The thing about culture is it has a lot of invisible thought in it and much of it has been passed down from generation to generation.
We are born into it and unless it’s challenged, we don’t question it.
I remember moving to Arizona from Jersey and my boss asked me if I was a Sailor. I couldn’t understand why he was asking me that. Turns out I cursed a lot. I had no idea that it was something I had picked up culturally until I started listening and realized that no one around me was talking like that. This changed me.
Simply going outside my fishbowl changed me.
This is a big point worth reflection.
Because white culture is considered the norm, as Nyarkoa said, people not of that culture have to learn and adapt well to it in order to get by, to be safe, and to survive, but this is not true the other way around, which means it’s seen as just the way things are.

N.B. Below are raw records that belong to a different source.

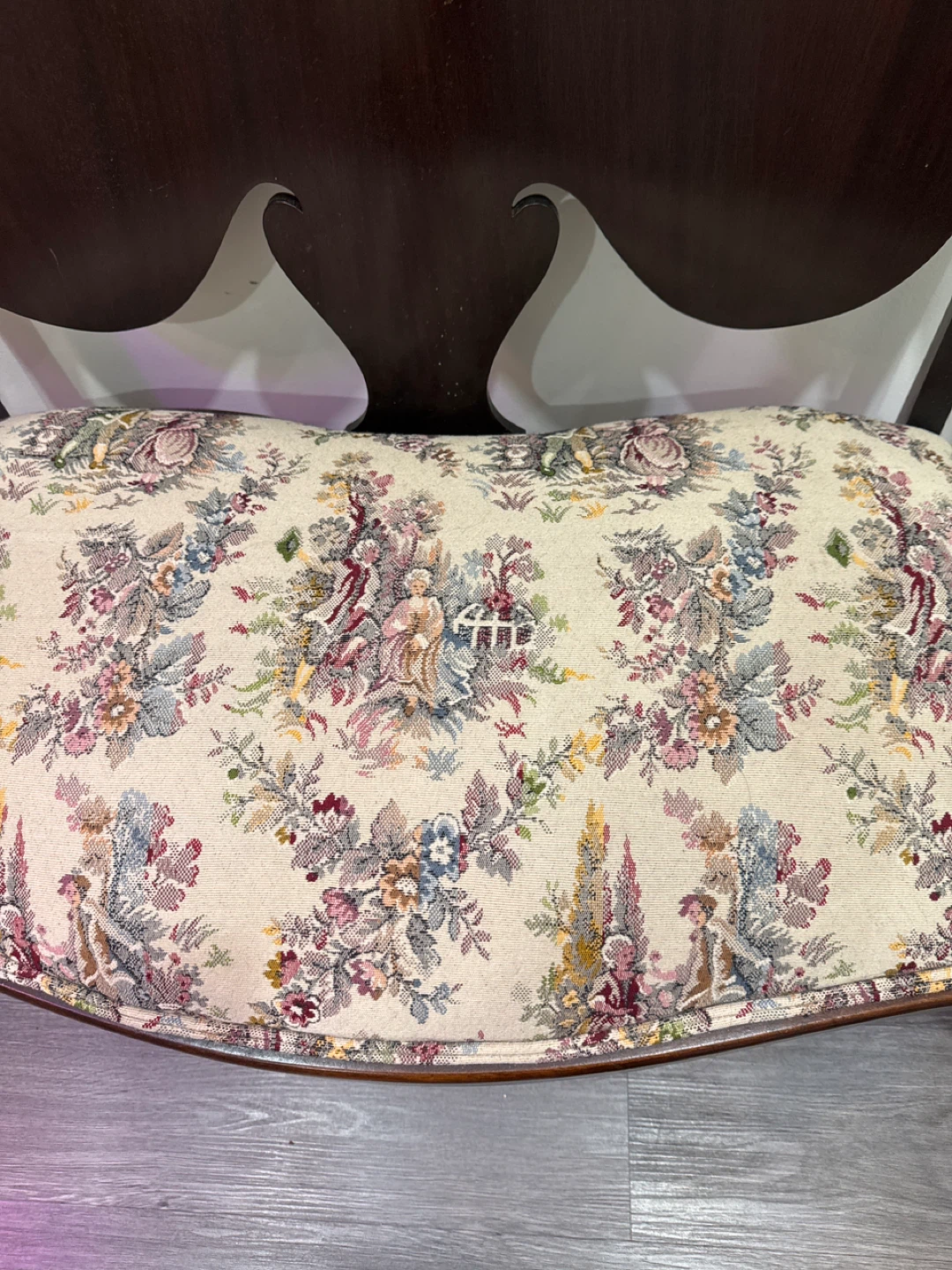 Vintage Settee with Floral Upholstery - photo 2
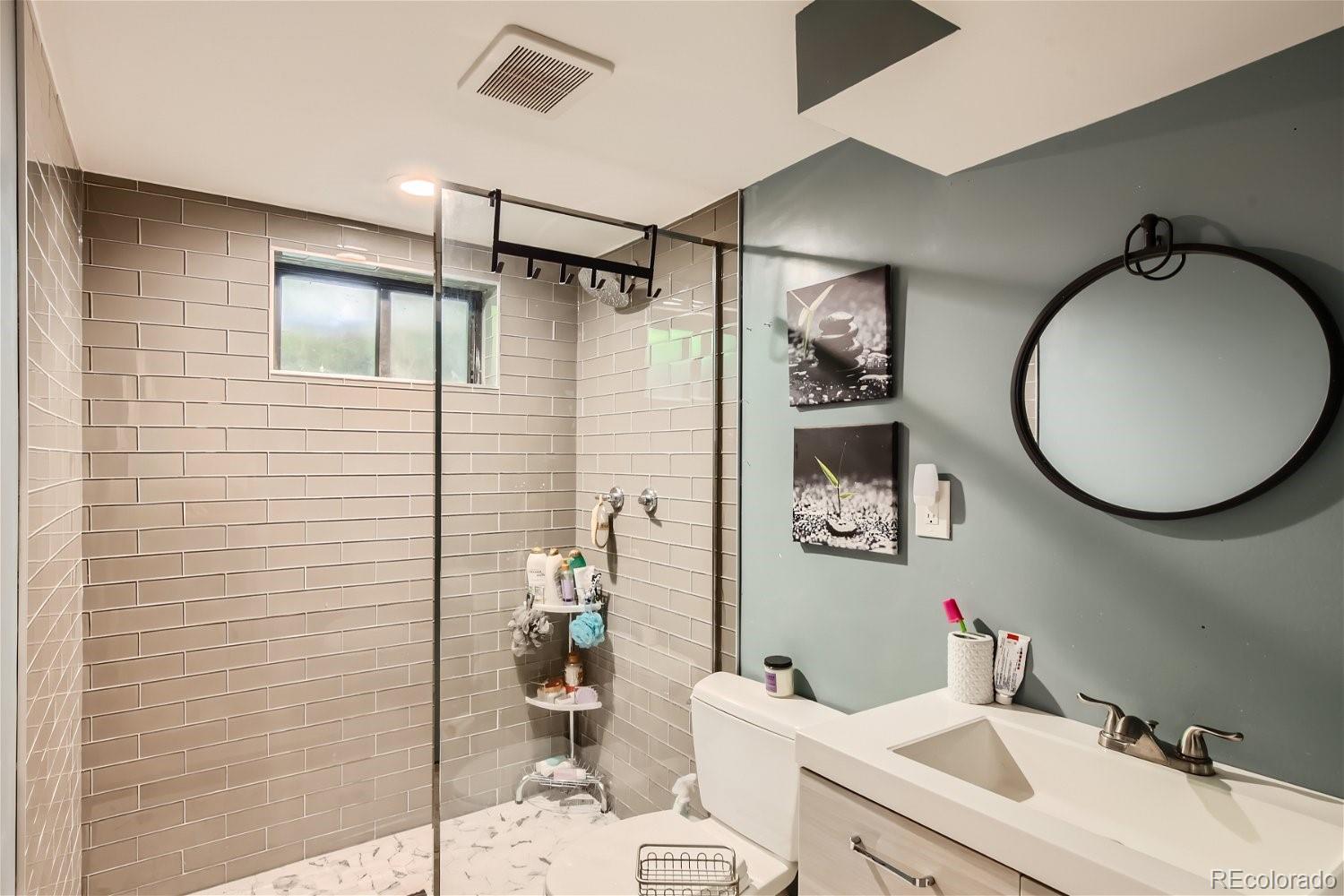 277 W Delaware Circle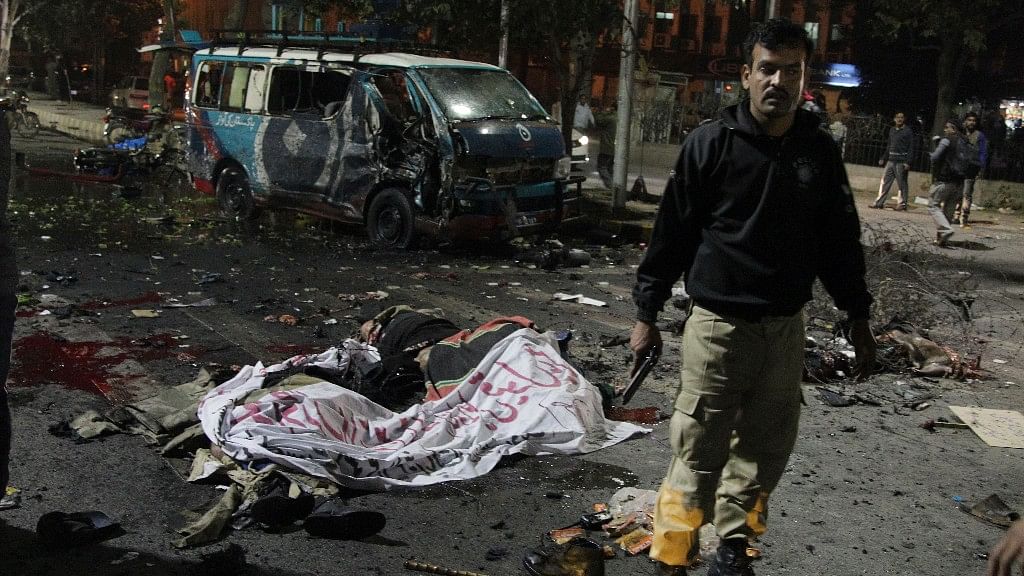 Pakistan’s Week of Terror: 6 Blasts in One Week Kill Close to 100 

But it will be found in us as white people going outside our norms and culture that things will change for the better because it is the invisible thought of our culture that is creating the problem to begin with.
Our systems and policies are designed with the contaminated and unhealthy thought of white cultural conditioning, and it permeates even our spiritual communities.
After George Floyd was murdered, I saw the conversations happening within and outside our spiritual communities and they were almost identical, even between spiritual communities themselves.
Here is some of what I noticed mostly white people doing:
- Taking this as an opportunity to teach spiritual lessons to a person who has experienced racism (i.e. “but our experience is coming via thought” or “your not neutral”)
- Denying racism all together
- Getting defensive
- Making it about their comfort of lack thereof
- Having a lack of understanding of history or of systemic racism and arguing intellectually or saying something hurtful without meaning to
- Being silent all together
Of course there were some conversations happening with some depth and love and understanding, but I have to say they seemed few and far between.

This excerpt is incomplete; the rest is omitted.